Extracted information >>
****************************************
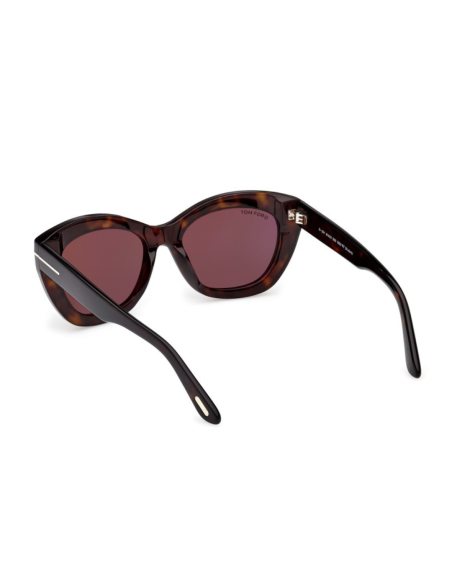 Occhiali sole Tom Ford FT1285 52E online da Ottica Ricci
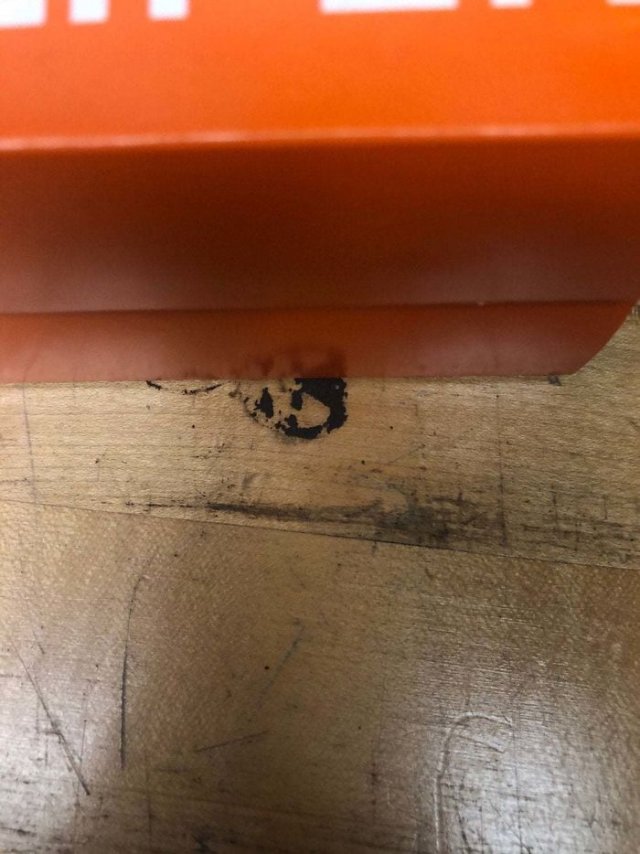 This Is Pareidolia (25 pics) This Is Pareidolia (25 pics)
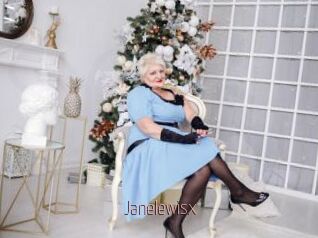 Janelewisx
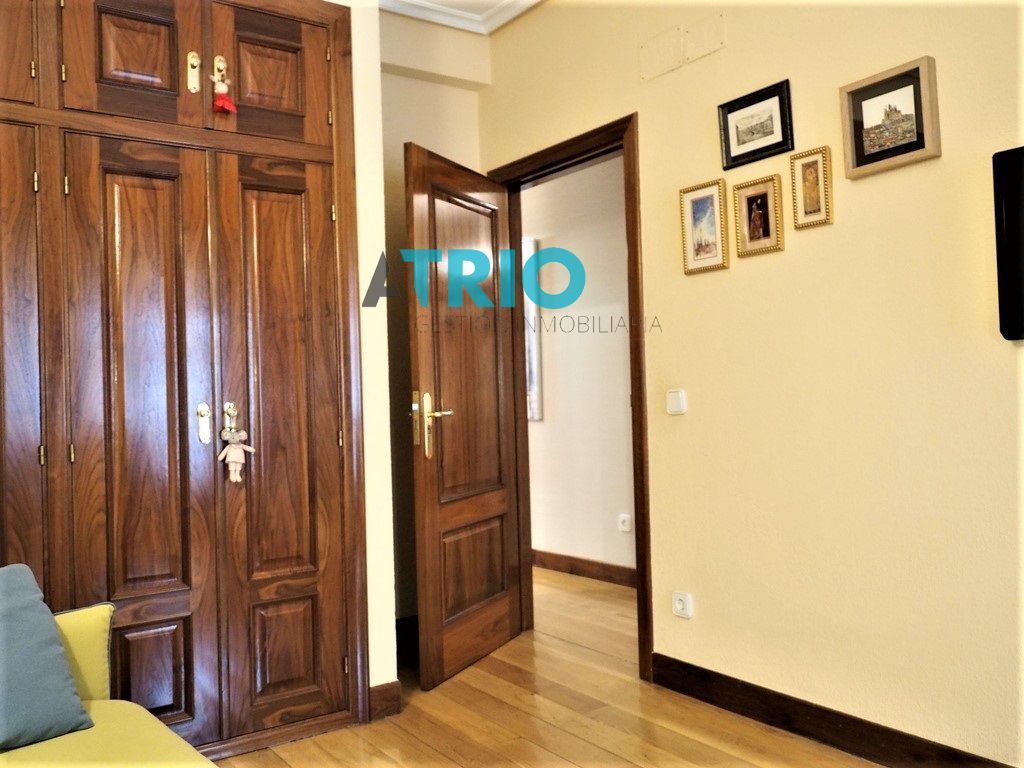 dia.mobiliagestion.es/Portals/inmoatrio/Images/6426/4092804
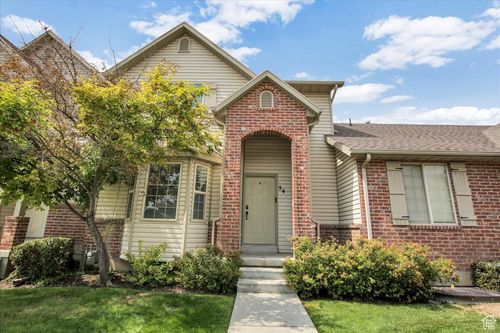 54 S 750 E, American Fork, UT, 84003-2246 | Card Image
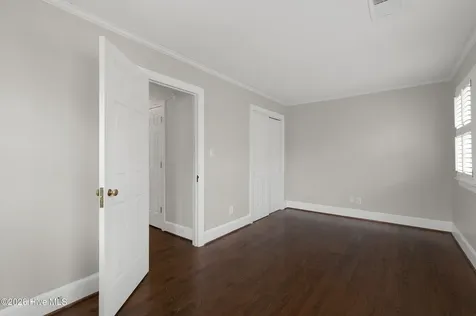 418 S 3rd Street Wilmington NC 28401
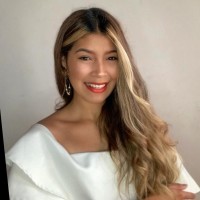 Ana Lucia Diaz Ceballos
****************************************
To do >> Each line from the one containing "54 S 750 E, American" through the last line of the entries above is to be extracted exactly. Pictures are not part of the copy.

Exercise result >>
 54 S 750 E, American Fork, UT, 84003-2246 | Card Image
 418 S 3rd Street Wilmington NC 28401
 Ana Lucia Diaz Ceballos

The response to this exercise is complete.